Module 1 Exercise - Reference Answer Key
Part 1: Semantic Ambiguity
| Column/Value | Ambiguity |
|---|---|
region | Inconsistent naming: "Northeast" vs "NE" vs "northeast". "West" vs "West Coast" vs "Western". "Asia-Pacific" vs "APAC" vs "AP". A receiving system cannot resolve these without a mapping table. |
status | Mixed case: "active" vs "Active" vs "ACTIVE". Typo: "actve" (row 9). Non-standard values: "test", "demo", "system", "migrated", "VIP", "dev". No enumeration enforced. |
phone | Multiple formats: "555-0101" vs "(555) 0102" vs "5550103" vs "+86-10-5550108". Some rows use "N/A" or "000-0000" as placeholders instead of proper null handling. |
signup_date | Multiple date formats: "2024-01-15" vs "01/20/2024" vs "2024/04/15" vs "May 1 2024". A parser assuming ISO 8601 will fail on at least 8 rows. |
name | "Jane Smith" appears in rows 1, 3, 12, 29, 41 - same person? "Bob Johnson" vs "Robert Johnson" vs "Robert 'Bob' Johnson" - how many people? "ACME Corp" vs "acme corporation" - same company? |
customer_id | Auto-increment integers scoped to this export. Row 1's customer_id "1" means nothing in any other system. Level 1 Semantic Identity. |
Part 2: Constraint Enforcement Failures
| Row(s) | Violation |
|---|---|
| Row 7 | Missing name (empty field). |
| Row 9 | Status typo: "actve" instead of "active". No enumeration constraint. |
| Row 13 | Test account in production data.
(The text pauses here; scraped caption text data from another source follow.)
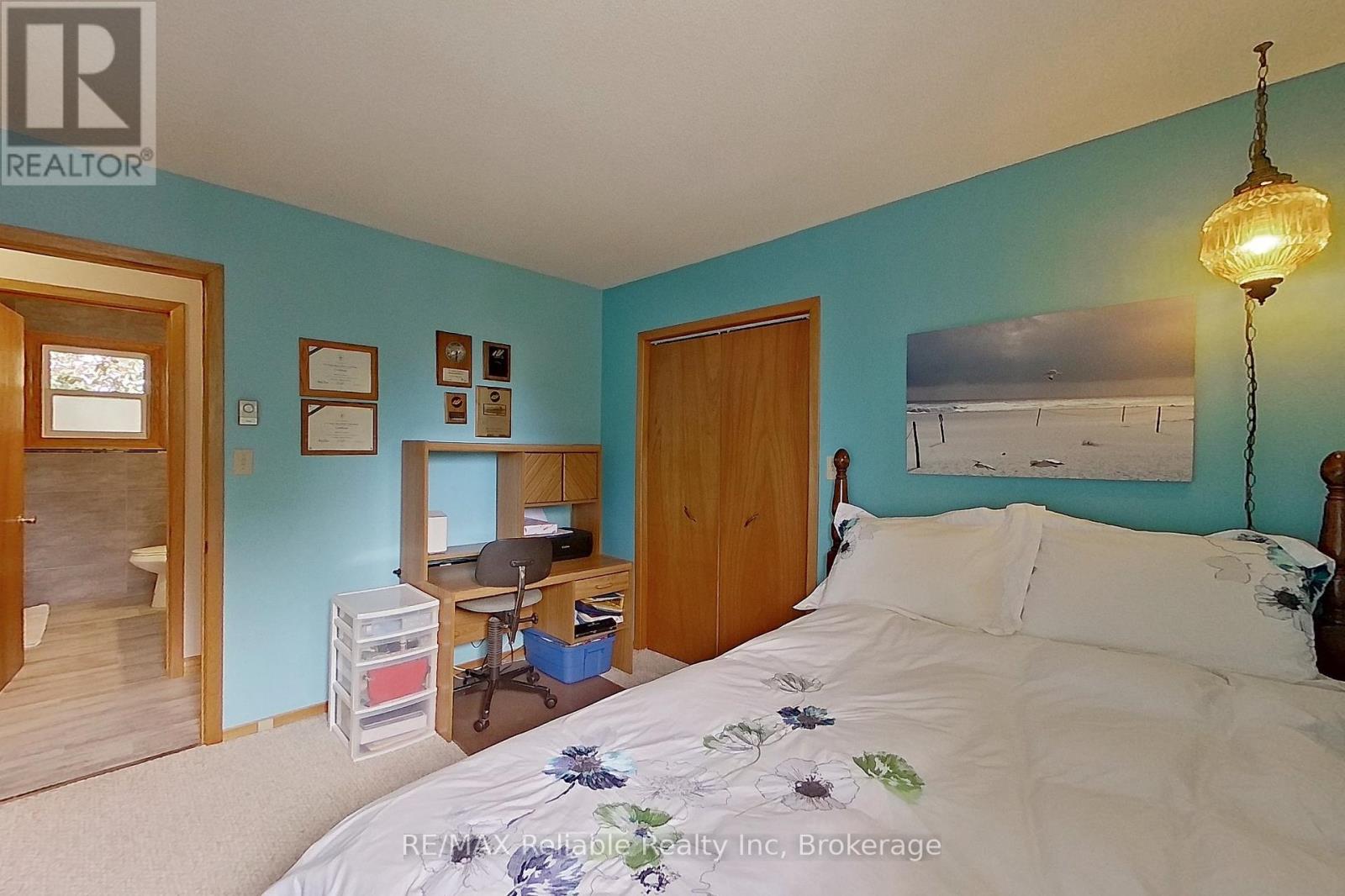 25 Jordan Drive, North Huron, Ontario  N0G 1E0 - Photo 18 - X12298050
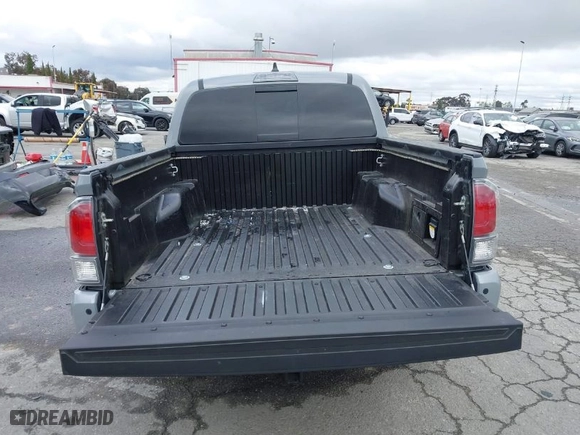 2020 Toyota Tacoma 2WD SR5 with VIN 3TMAZ5CNXLM136698, listed as a IAAI auction lot 41777565 with 53,041 mi miles. Bid and sale history available at carsss.com. Image 18.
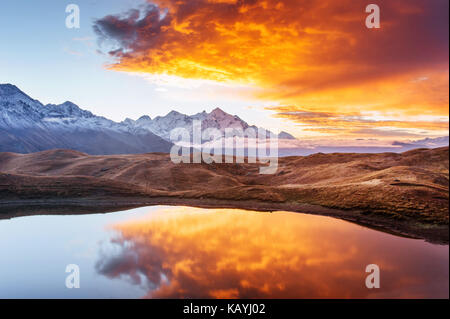 Bergsee. Schönen Sonnenaufgang. Morgen Landschaft. Koruldi See. Main kaukasischen Ridge Stockfoto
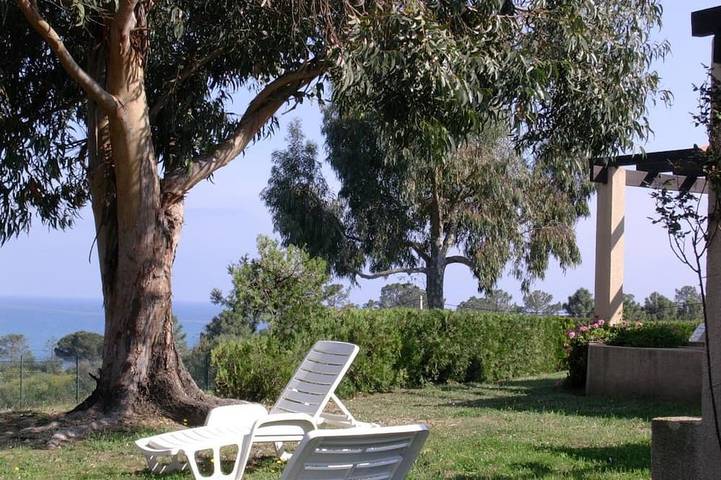 Location de vacances pour 5 personnes, avec Terrasse et Jardin à Solaro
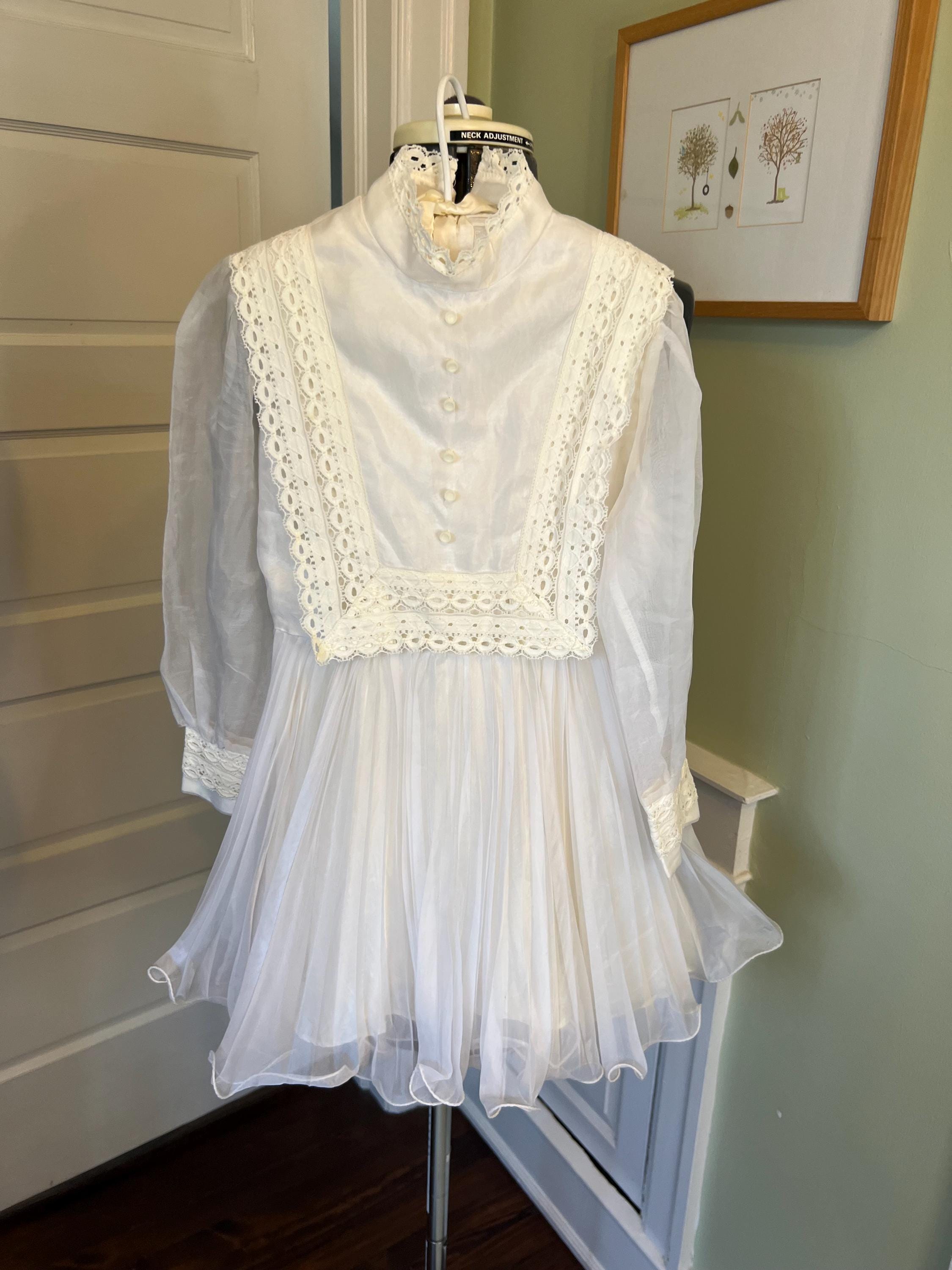 Robe Longue Vintage Années 1940/1950 - En Voile Crème, Fines Bretelles - Taille 36, Longueur 127 Cm - Occasion Très Bon état, Style Bal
Name "Test Account", status "test". |
| Row 19 | Name is "NULL" (the string). Signup date "1900-01-01" is a placeholder. |
| Row 28 | Test data: status "demo", balance 999999.99, region "Demo". |
| Row 40 | System placeholder: name "Placeholder Entry", date "1970-01-01" (Unix epoch). |
| Row 42 | Dev data: name "TESTING", status "dev", negative balance. |
At least 11 rows would fail basic constraint enforcement. This is Level 1-2 Constraint Enforcement.
Part 3: Identity Instability
| Entity | Representations | Rows |
|---|---|---|
| Jane Smith | Different emails, same phone in some rows | 1, 3, 12, 29, 41 |
| Bob/Robert Johnson | "Bob Johnson", "Robert Johnson", "Bob Johnson Jr", "Robert 'Bob' Johnson" | 2, 4, 15, 30 |
| ACME Corp | "ACME Corp", "acme corporation", "Acme Corporation" with different emails | 5, 6, 22, 31 |
| Patricia/Pat Williams | "Patricia Williams" vs "pat williams" | 32, 33 |
| Michael/Mike Brown | "Michael Brown" vs "mike brown", same email | 36, 37 |
| Global Solutions | "Global Solutions LLC" vs "global solutions" | 16, 17 |
The customer_id column provides no help - each duplicate has a different ID. This is Level 1 Semantic Identity.
Part 4: Floor Constraint Application
| Dimension | Working Score | Evidence |
|---|---|---|
| Schema Integrity | Level 2 | A schema exists (columns defined) but not enforced at write time - test data, placeholders, and inconsistent formats accepted. |
| Constraint Enforcement | Level 1 | No enumeration on status, no format enforcement on phone or date, no null handling policy. |
| Semantic Identity | Level 1 | Auto-increment IDs scoped to one database. Duplicate entities have different IDs. |
Floor Constraint
min(2, 1, 1) = Level 1. All derived dimensions (Provenance, Interoperability, Governance) are functionally capped at Level 1. You cannot trace the provenance of data you cannot identify. You cannot share data whose meaning is ambiguous. You cannot govern what you cannot constrain.
Recommended first intervention: Semantic Identity (Level 1 to Level 3 via CUID2 assignment), then Constraint Enforcement (enumeration lists, format validation, null handling), then Schema Integrity (versioned, enforced at write time).